Nivelar por baixo é o que esta Lei consigna quanto à autonomia pedagógica. No Politécnico a criação e extinção de cursos ainda dependia da tutela, por falta de regulamentação sucessiva da respectiva lei de autonomia. Todas as instituições de ensino superior (universitárias e politécnicas) ficam agora sujeitas ao arbítrio do Ministério, reservando-se ao Ministro a capacidade de estabelecer directrizes quanto à denominação e duração dos cursos e as áreas científicas obrigatórias e facultativas dos respectivos planos de estudo e de recusar-se financiar os cursos [...] os ramos, as opções e outras formas de especialização dos cursos, independentemente da sua denominação, que tenham um número de estudantes inferior ao estabelecido pelo Ministro.
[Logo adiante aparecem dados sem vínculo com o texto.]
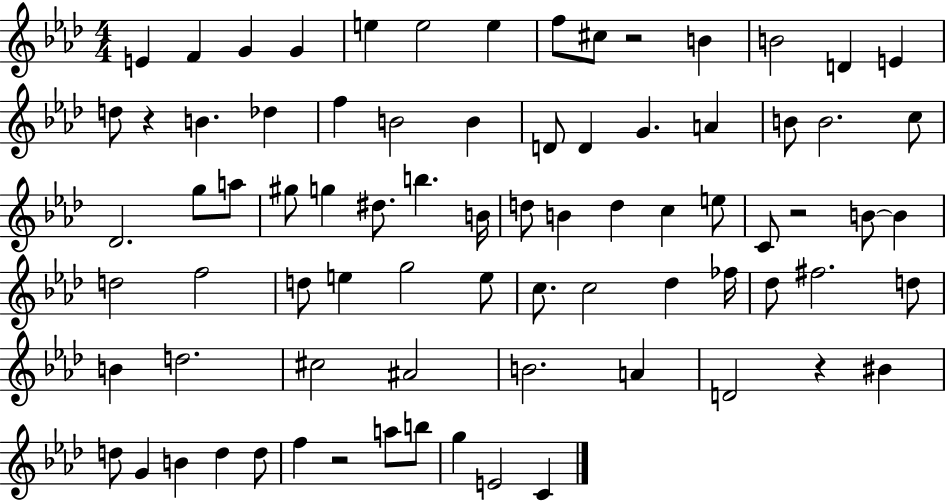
E4/q F4/q G4/q G4/q E5/q E5/h E5/q F5/e C#5/e R/h B4/q B4/h D4/q E4/q D5/e R/q B4/q. Db5/q F5/q B4/h B4/q D4/e D4/q G4/q. A4/q B4/e B4/h. C5/e Db4/h. G5/e A5/e G#5/e G5/q D#5/e. B5/q. B4/s D5/e B4/q D5/q C5/q E5/e C4/e R/h B4/e B4/q D5/h F5/h D5/e E5/q G5/h E5/e C5/e. C5/h Db5/q FES5/s Db5/e F#5/h. D5/e B4/q D5/h. C#5/h A#4/h B4/h. A4/q D4/h R/q BIS4/q D5/e G4/q B4/q D5/q D5/e F5/q R/h A5/e B5/e G5/q E4/h C4/q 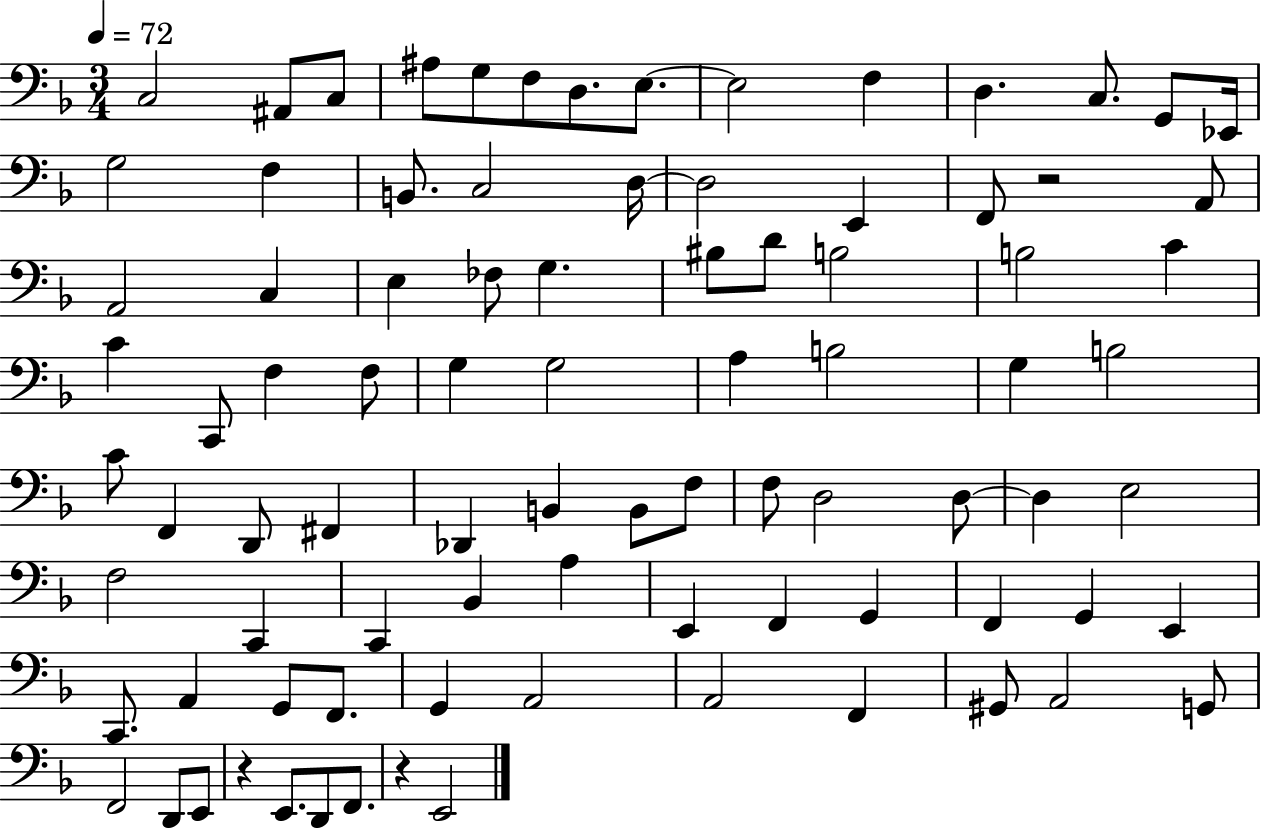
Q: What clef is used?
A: bass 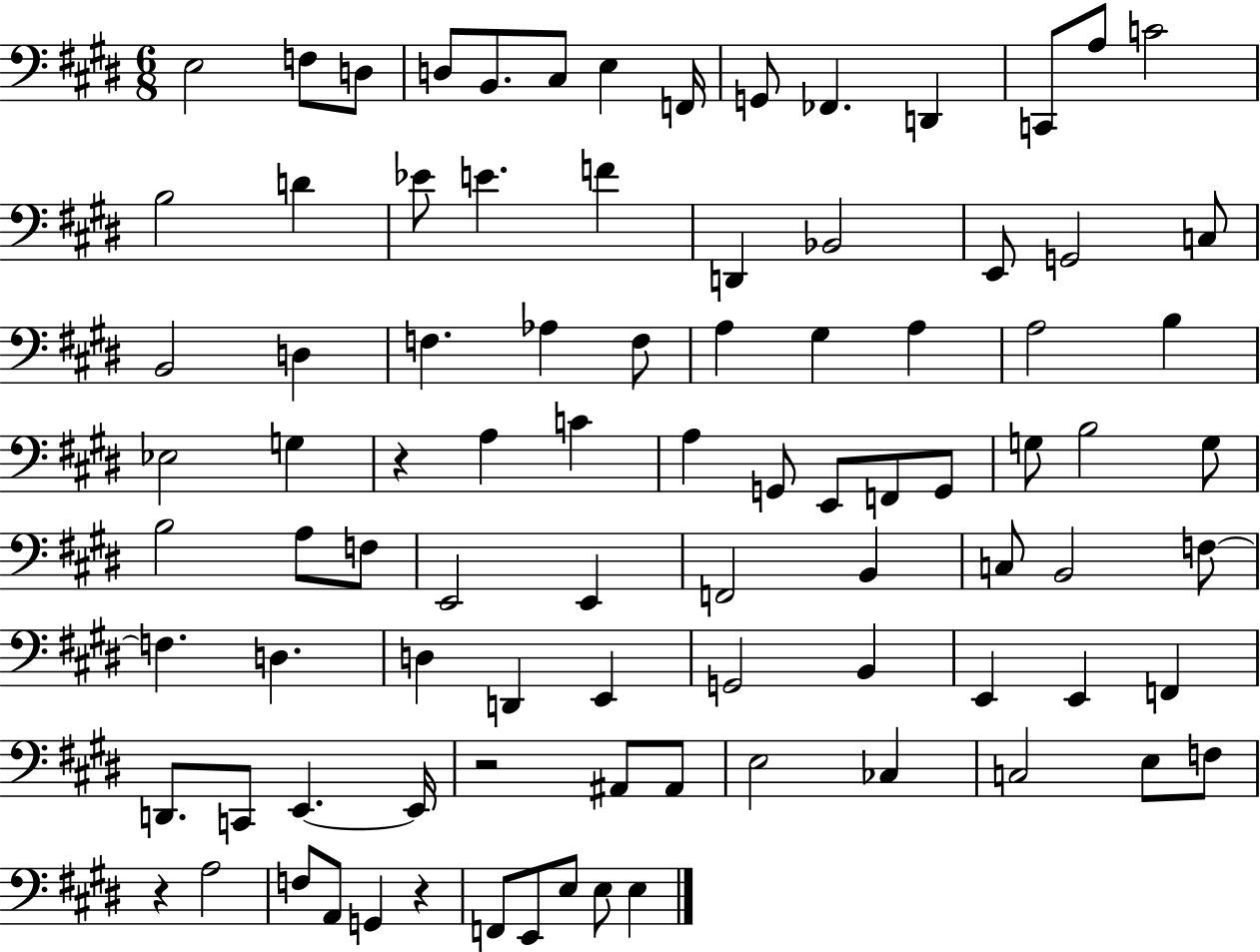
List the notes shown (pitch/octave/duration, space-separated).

E3/h F3/e D3/e D3/e B2/e. C#3/e E3/q F2/s G2/e FES2/q. D2/q C2/e A3/e C4/h B3/h D4/q Eb4/e E4/q. F4/q D2/q Bb2/h E2/e G2/h C3/e B2/h D3/q F3/q. Ab3/q F3/e A3/q G#3/q A3/q A3/h B3/q Eb3/h G3/q R/q A3/q C4/q A3/q G2/e E2/e F2/e G2/e G3/e B3/h G3/e B3/h A3/e F3/e E2/h E2/q F2/h B2/q C3/e B2/h F3/e F3/q. D3/q. D3/q D2/q E2/q G2/h B2/q E2/q E2/q F2/q D2/e. C2/e E2/q. E2/s R/h A#2/e A#2/e E3/h CES3/q C3/h E3/e F3/e R/q A3/h F3/e A2/e G2/q R/q F2/e E2/e E3/e E3/e E3/q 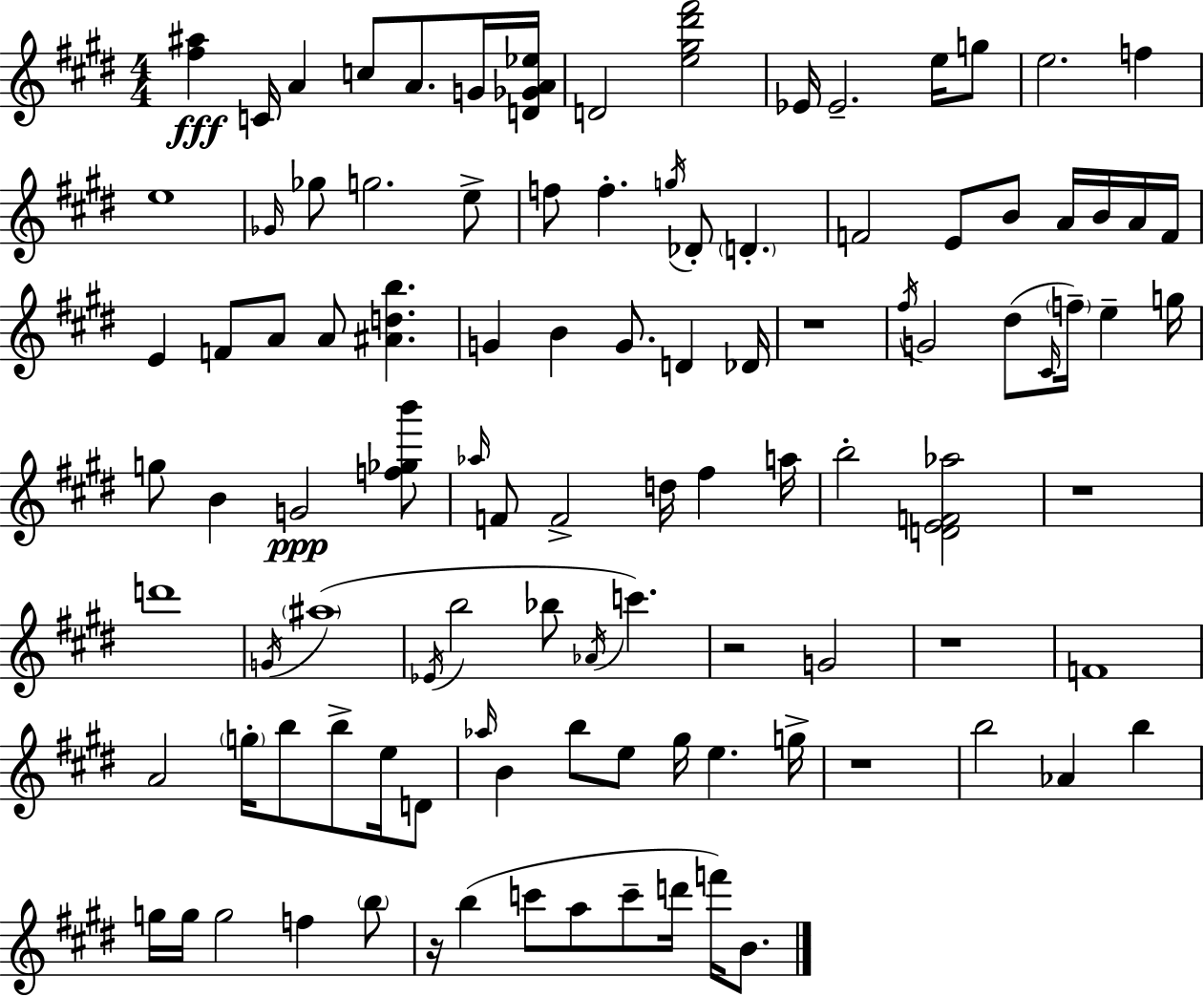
X:1
T:Untitled
M:4/4
L:1/4
K:E
[^f^a] C/4 A c/2 A/2 G/4 [D_GA_e]/4 D2 [e^g^d'^f']2 _E/4 _E2 e/4 g/2 e2 f e4 _G/4 _g/2 g2 e/2 f/2 f g/4 _D/2 D F2 E/2 B/2 A/4 B/4 A/4 F/4 E F/2 A/2 A/2 [^Adb] G B G/2 D _D/4 z4 ^f/4 G2 ^d/2 ^C/4 f/4 e g/4 g/2 B G2 [f_gb']/2 _a/4 F/2 F2 d/4 ^f a/4 b2 [DEF_a]2 z4 d'4 G/4 ^a4 _E/4 b2 _b/2 _A/4 c' z2 G2 z4 F4 A2 g/4 b/2 b/2 e/4 D/2 _a/4 B b/2 e/2 ^g/4 e g/4 z4 b2 _A b g/4 g/4 g2 f b/2 z/4 b c'/2 a/2 c'/2 d'/4 f'/4 B/2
Mais uma vez, se vão repercutir imediatamente sobre as instituições e em cada uma delas as políticas educativas e as constrições (economicistas ou outras) do momento, em lugar de instituir a concertação com órgãos autónomos reguladores de redes permanentes, temáticas e de base territorial, e através deles promover a efectiva racionalização democrática e transparente. Este retrocesso é, de resto, altamente comprometedor da adaptação do nosso sistema de ensino superior aos desígnios do chamado processo de Bolonha que, na actual fase, recomenda a discussão transnacional por áreas de saber e de profissão, em detrimento de centralismos estadistas que tendem, por natureza, a tratar o diferente por igual e a resolver invariavelmente por baixo.
O amplificado arbítrio da tutela pode vir a ser reduzido pela intervenção (prevista em tese) do Conselho Nacional de Avaliação do Ensino Superior, mas os riscos aumentaram no espírito e na letra da presente Lei. Institui-se o Conselho Consultivo do Ensino Superior que, de extremo a extremo, tanto pode condicionar atitudes menos reflectidas, como pode servir de órgão legitimador da vontade da tutela, por dela depender em larga escala directa e indirectamente (veja-se a composição e competências).
A análise que apresentamos recusa obviamente o carácter exaustivo, antes pretende alertar para aspectos que proximamente estarão em cima da mesa, se não se repetir a precipitação com que o Governo e a Maioria começaram o presente mandato. Como é uso dizer-se: não dispensa a leitura da literatura em referência. Aconselha-se também a inclusão no debate dos textos recentemente publicados: questionário do CIPES e documentos correlatos; livro encomendado pelo Ministro de há três anos e prefaciado pelo actual e as tomadas de posição individuais e institucionais, produzidas por partidos, CRUP, CCISP e FENPROF, entre outros.